The governor of Texas heads the state government of Texas. The governor is the leader of the executive and legislative branch of the state government and is the commander in chief of the Texas Military. The current governor is Greg Abbott, who took office in 2015.

Qualifications
Anyone seeking to become Governor of Texas must meet the following qualifications:
 Be at least 30 years of age
 Be a Texas resident for at least five years before the election

Governors of Texas are directly elected by registered voters in Texas and serve for a term of four years. They take office on the twentieth day of January following an election, which is also the date of expiry of the previous gubernatorial term.

History
The state's first constitution in 1845 established the office of governor, to serve for two years, but no more than four years out of every six (essentially a limit of no more than two consecutive terms). The 1861 secessionist constitution set the term start date at the first Monday in the November following the election. The 1866 constitution, adopted just after the American Civil War, increased terms to 4 years, but no more than 8 years out of every 12, and moved the start date to the first Thursday after the organization of the legislature, or "as soon thereafter as practicable". The Reconstruction-era constitution of 1869 removed the limit on terms, Texas remains one of 16 states, territory or jurisdiction (including the U.S. Territory Puerto Rico and the District of Columbia)  with no gubernatorial term limits.

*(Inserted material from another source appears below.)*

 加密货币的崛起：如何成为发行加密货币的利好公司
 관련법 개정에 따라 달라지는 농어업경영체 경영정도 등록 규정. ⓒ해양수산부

The present constitution of 1876 shortened terms back to two years, but a 1972 amendment increased it again to four years.

The gubernatorial election is held every four years on the first Tuesday after the first Monday in November and does not coincide with the presidential elections. The governor is sworn in on the third Tuesday of January every four years along with the lieutenant governor, so Abbott and current lieutenant governor Dan Patrick both took office on January 20, 2015.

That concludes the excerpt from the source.